I.          Contexte

 

[3]               La demanderesse, âgée de 30 ans, est une citoyenne du Venezuela qui est entrée au Canada le 12 décembre 2007 et a présenté une demande d’asile. Elle a allégué craindre d’être persécutée du fait de sa participation à des activités politiques menées contre le gouvernement du président Hugo Chavez.

 

[4]               La demanderesse prétend qu’elle était perçue comme une opposante au régime du président Chavez du fait de son appartenance à un parti politique connu sous le nom de Parti social chrétien (COPEI), dont elle était l’une des têtes dirigeantes, et qu’en conséquence le gouvernement les ciblait, elle et sa famille.

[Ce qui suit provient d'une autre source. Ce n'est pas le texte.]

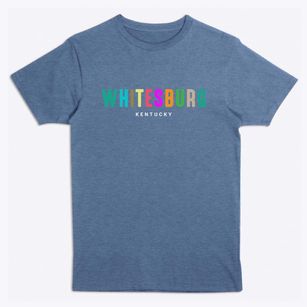 Whitesburg Kentucky Color Pop Premium T-Shirt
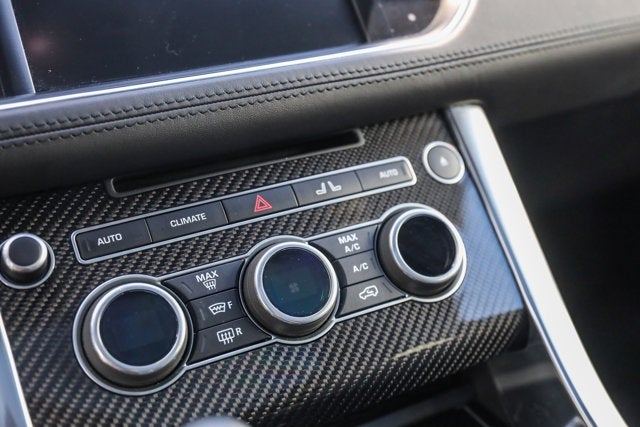 2016 Land Rover Range Rover Sport V8 SVR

La demanderesse affirme avoir tenté de dénoncer cette situation, mais qu’un seul poste de police a accepté d’enregistrer sa plainte et qu’elle ne pouvait pas nommer ses activités politiques comme étant la cause des menaces et des attaques.

 

[5]               La demanderesse a quitté le Venezuela et y est ensuite retournée en septembre 2007. Elle affirme avoir reçu en octobre et en novembre 2007, après son retour, deux lettres de menaces anonymes lui enjoignant de mettre fin à son travail avec le COPEI. La demanderesse a quitté le pays pour le Canada en décembre 2007.

 

[6]               La Commission a conclu que la demanderesse n’avait pas réussi à démontrer, au moyen d’une preuve crédible et digne de foi, qu’elle était l’une des têtes dirigeantes du COPEI dans son État et qu’elle a été l’objet de persécution, de préjudices et de menaces du fait de ses activités politiques.

 

[7]               En particulier, la Commission a conclu que :

•           la demanderesse n’a pas présenté une preuve suffisamment crédible et digne de foi à l’appui de son allégation selon laquelle elle était une des têtes dirigeantes du COPEI dans son État;

•           des contradictions ont été relevées entre les allégations de la demanderesse dans ses notes au point d’entrée (PDE) et son Formulaire de renseignements personnels (FRP);

•           la Commission ne pouvait accorder d’importance à la preuve médicale, car elle n’était pas satisfaite de l’explication que la demanderesse a donnée pour justifier les contradictions relatives au format du document;

•           le fait que la demanderesse s’est réclamée de nouveau de la protection du Venezuela a ébranlé le bien-fondé de sa crainte;

•           la preuve documentaire n’a pas étayé l’argument de la demanderesse selon lequel un parti politique en particulier a menacé des membres de l’opposition et leur aurait fait du tort en 2007 durant la période de persécution alléguée.

 

II.         Questions à trancher et norme de contrôle

 

[8]               La demanderesse soulève les questions suivantes :

(a)        La Commission a-t-elle commis une erreur en ne tenant pas compte d’éléments de preuve ou en interprétant mal la preuve lorsqu’elle a tiré ses conclusions relatives à la crédibilité?

 

(b)        Les conclusions relatives à la crédibilité de la Commission étaient‑elles abusives ou arbitraires et ne lui était‑il pas raisonnablement loisible de les tirer?

 

(c)        La Commission a-t-elle commis une erreur en omettant d’évaluer tous les éléments de preuve dont elle disposait avant de trancher si la demanderesse serait ou non exposée à un risque raisonnable d’être persécutée si elle retournait au Venezuela?

 

[9]               Ces questions seront appréciées selon la norme de la décision raisonnable (voir Dunsmuir c. Nouveau-Brunswick, 2008 CSC 9, [2008] 1 R.C.S. 190; Canada (Ministre de la Citoyenneté et de l’Immigration) c. Khosa, 2009 CSC 12; [2009] 1 R.C.S. 339). Comme il a été établi dans les arrêts Dunsmuir et Khosa, le caractère raisonnable tient à la justification de la décision, à la transparence et à l’intelligibilité du processus décisionnel, ainsi qu’à l’appartenance de la décision aux issues possibles acceptables pouvant se justifier au regard des faits et du droit.

 

[10]           La Cour doit faire preuve d’une déférence importante envers les décisions rendues par la Commission relativement aux questions de crédibilité et à l’appréciation de la preuve (voir Camara c. Canada (Ministre de la Citoyenneté et de l’Immigration), 2008 CF 362; [2008] A.C.F. n442, au paragraphe 12).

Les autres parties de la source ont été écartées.